The rule on atypical dispersant use is a win-win for the oil and gas industry. By splitting the final rule in two, the EPA stalls the update on last century’s science – the part that API perceives to threaten the “status quo” – for at least another two years. A win for industry. By authorizing monitoring of “atypical dispersant use,” EPA signals that it is envisioning exactly such use during the next oil disaster. Another win for industry.
Even worse, instead of monitoring all dispersant use, as the public wanted, EPA limited the final rule to only what the industry has wanted since 2013 – subsurface application and prolonged surface use.
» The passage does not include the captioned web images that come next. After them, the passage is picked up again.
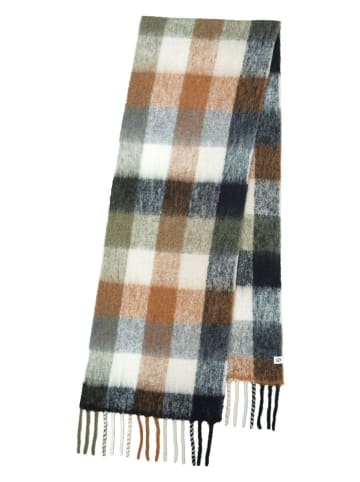 Becksöndergaard Wełniany szal "Check Anilopa" ze wzorem - 200 x 35 cm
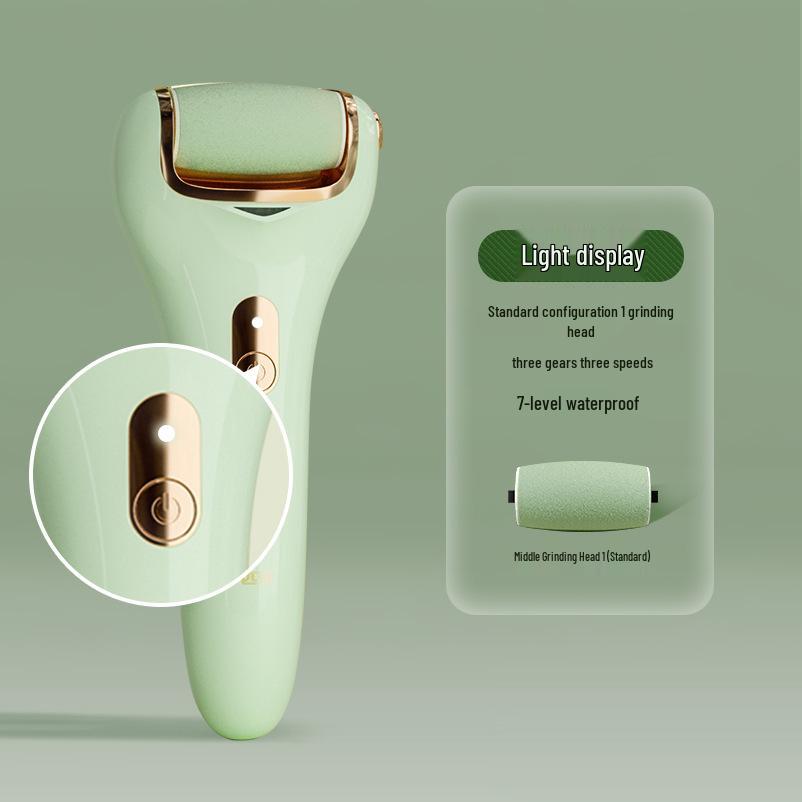 Pichi Electric Foot File & Callus Remover - Automatic Exfoliating Foot Scrubber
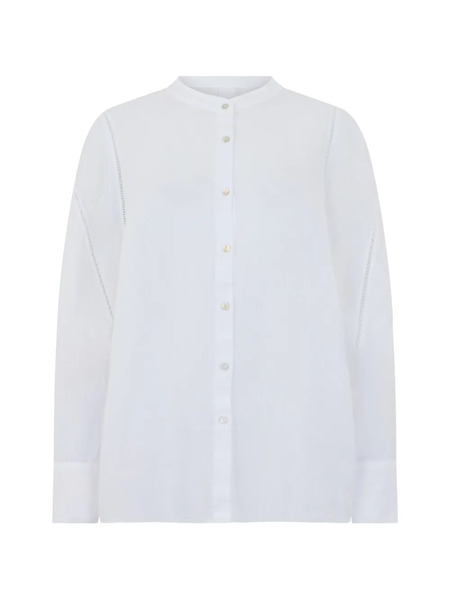  120% Lino Linen Shirt - White 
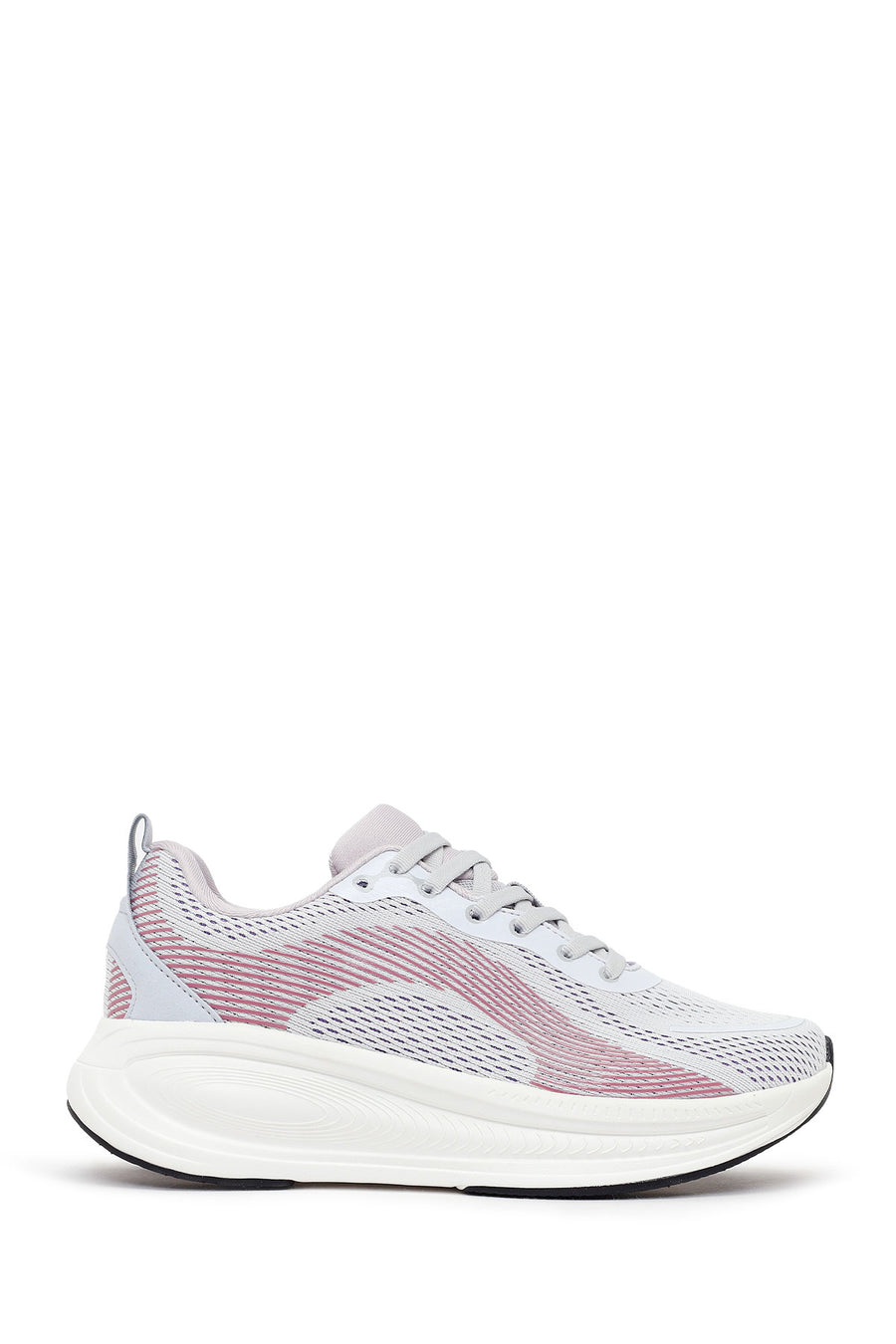Derimod Zero Woman Purple Lace-Up Thick-Soled Fabric Sneakers 26PFE49546F | Derimod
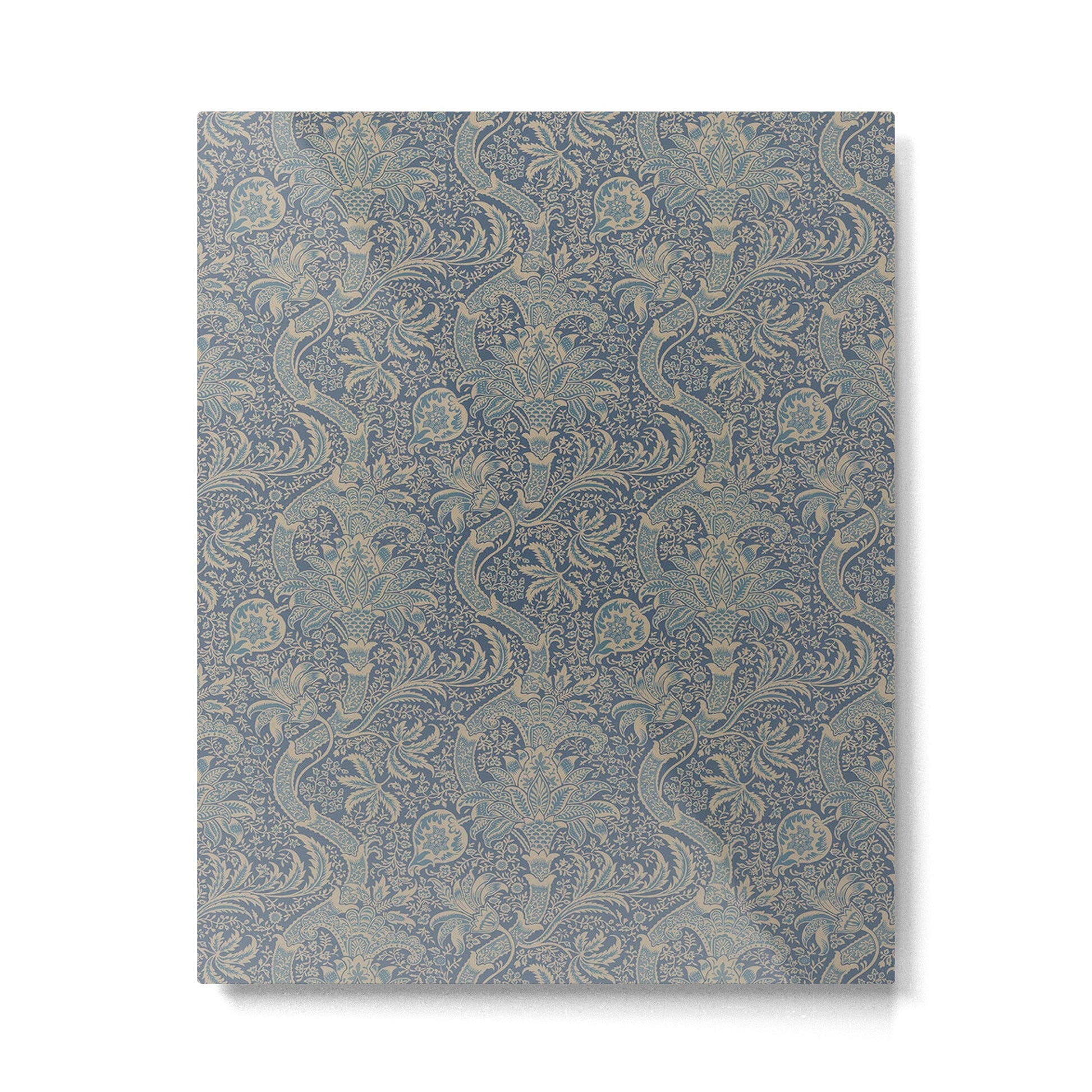 William Morris Indian Peacock Blue Pattern Metal Print | TeksDecor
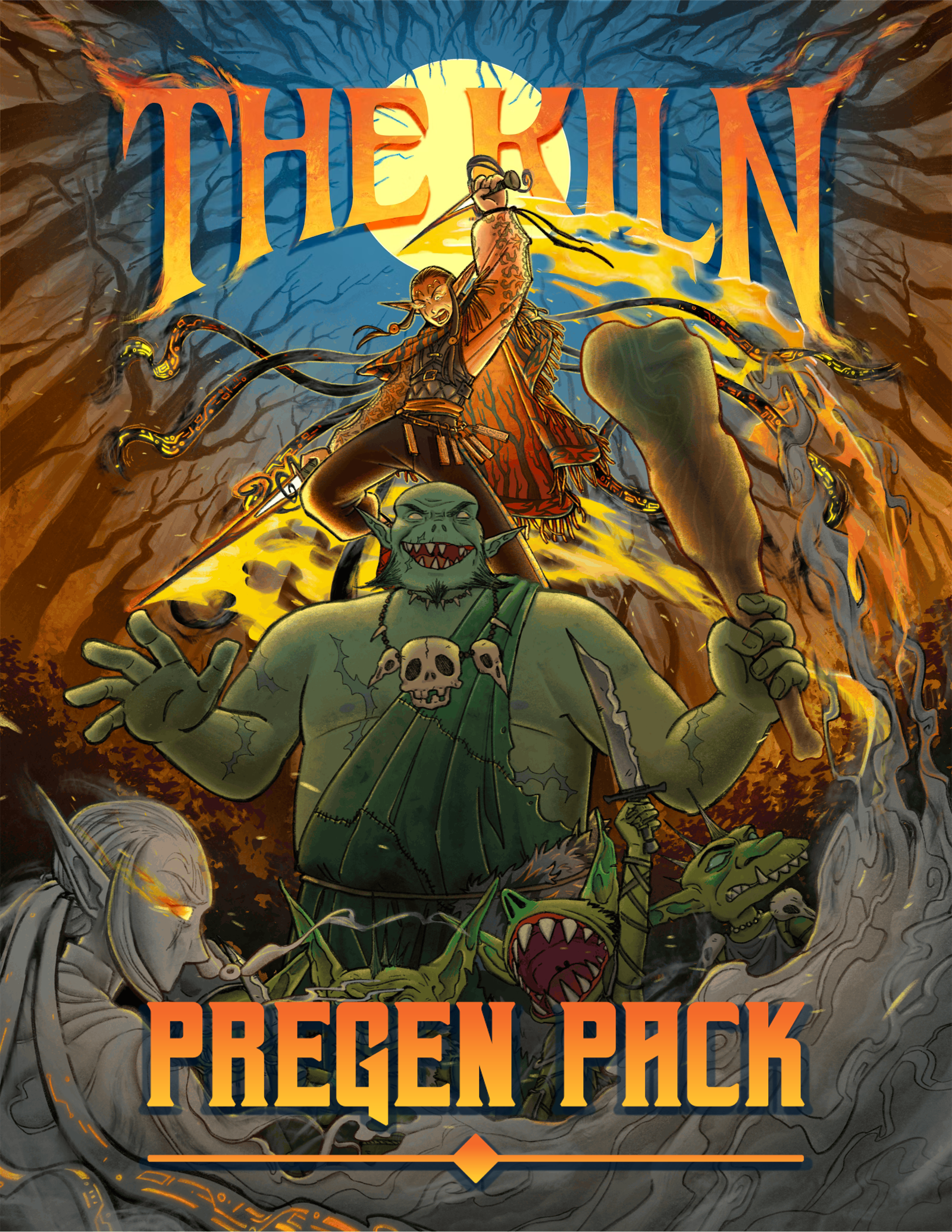 The Kiln Class Pregens Pack (Free PDFs)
Further, the final rule leaves the monitoring to the spiller, which recent history has shown to be a terrible idea. Based on its water monitoring in 2010, BP concluded subsurface dispersant use reduced surface air levels of hydrocarbons. However, when independent scientists analyzed BP’s water monitoring dataset, they concluded subsurface oil distribution was entirely controlled by temperature- and pressure-dependent processes – and recommended against such use. As for air quality, other independent scientists reported dangerous levels of oil were present in the air for months after the well was capped. These findings were published after the public comment period in the 2015 rulemaking had closed.
At this critical juncture, we await a court ruling in our lawsuit – and we will be looking for other opportunities to address our nation’s dangerously outdated emergency oil spill response plan.